__What needs to be done__. Transcribe the listing below verbatim, omitting pictures.

__Data listing__.
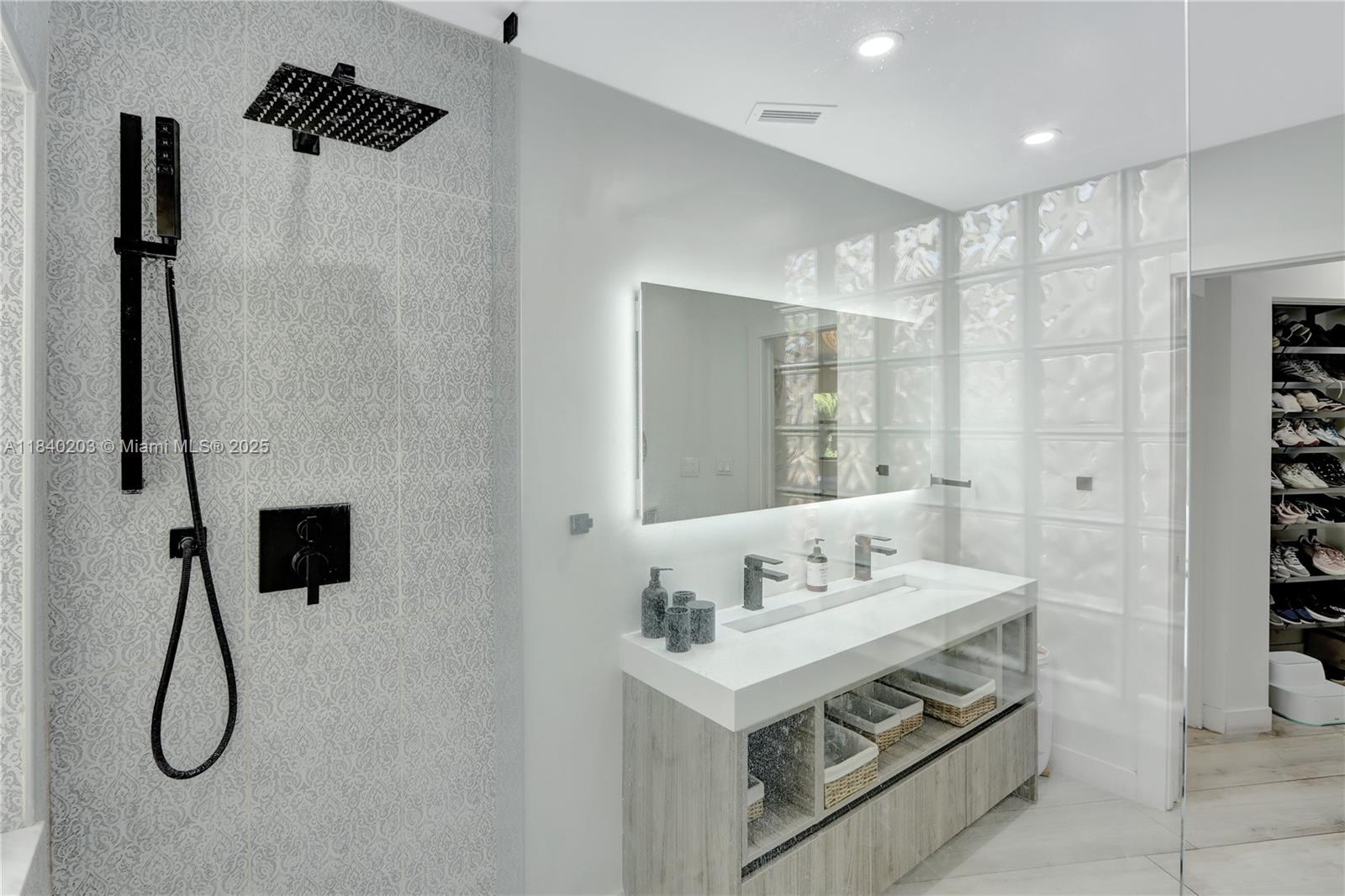 23273 Water Circle Boca Raton, FL 33486 - Photo 19 of 33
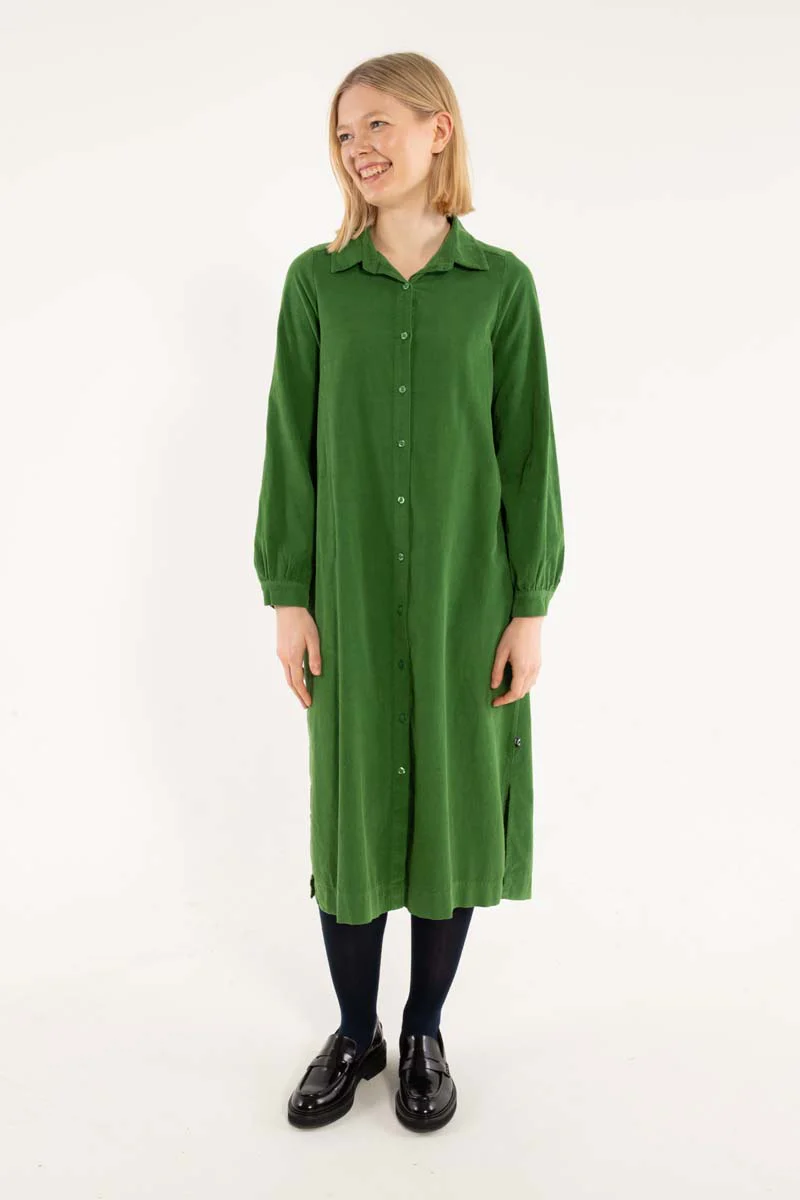 % Danefae Danepippi Cord Kleid Farbe: Moos Grün 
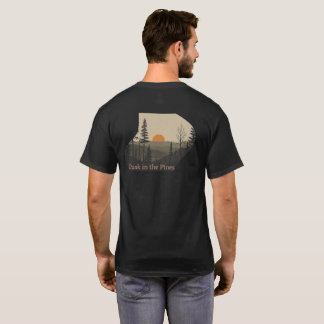 T-shirt Crépuscule dans les Pins - Silhouette de Forêt Abs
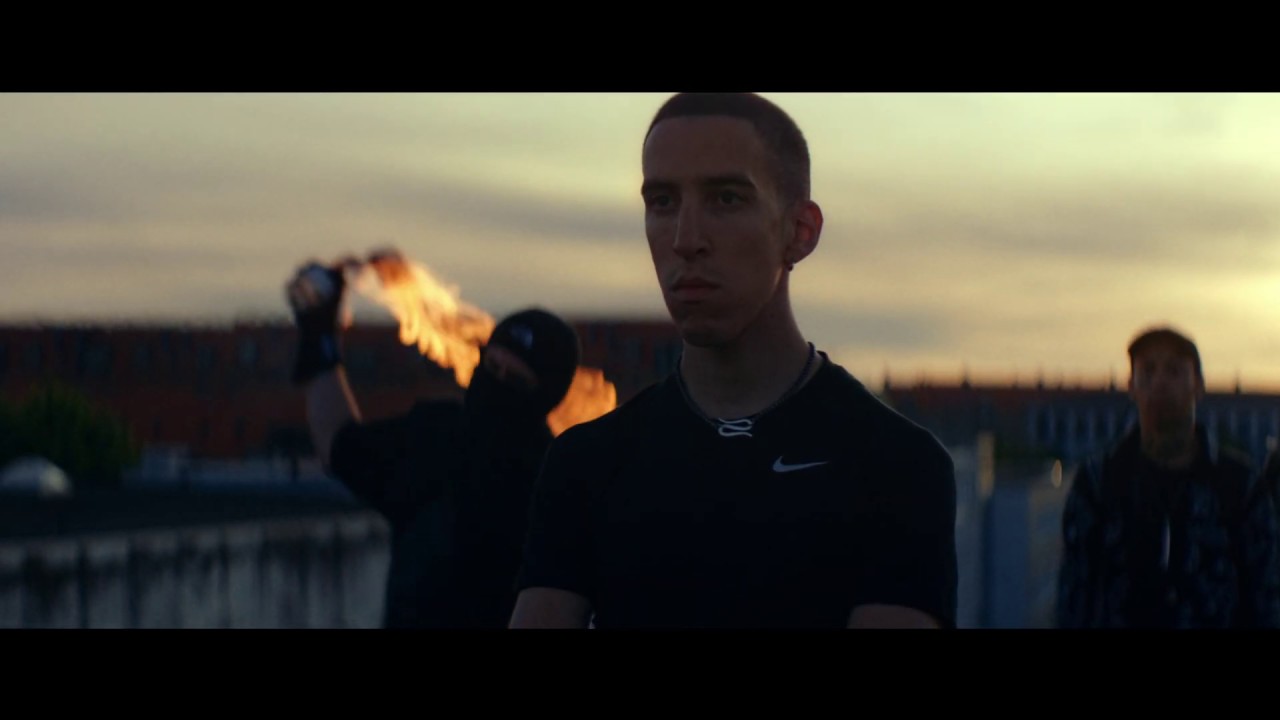 AV AV AV - NO STATUES (Official Video)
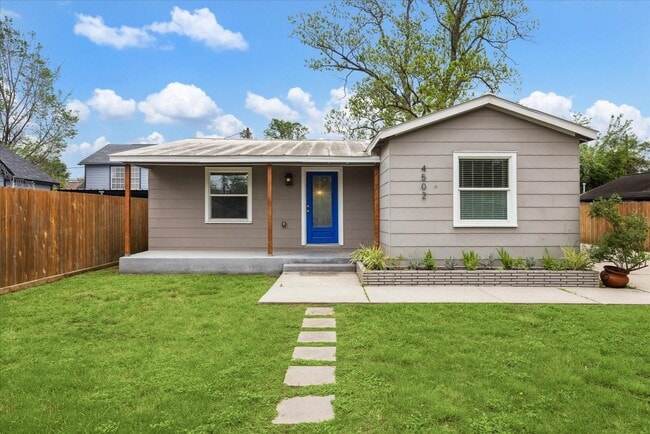 Building Photo - 4502 Hain St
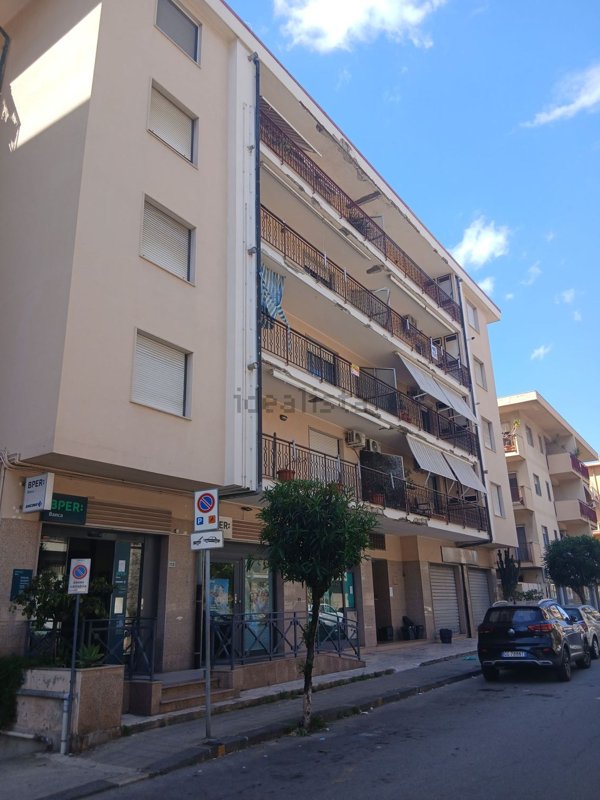 appartamento in vendita a Villa San Giovanni in zona Acciarello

__Expected answer__.
 23273 Water Circle Boca Raton, FL 33486 - Photo 19 of 33
 % Danefae Danepippi Cord Kleid Farbe: Moos Grün 
 T-shirt Crépuscule dans les Pins - Silhouette de Forêt Abs
 AV AV AV - NO STATUES (Official Video)
 Building Photo - 4502 Hain St
 appartamento in vendita a Villa San Giovanni in zona Acciarello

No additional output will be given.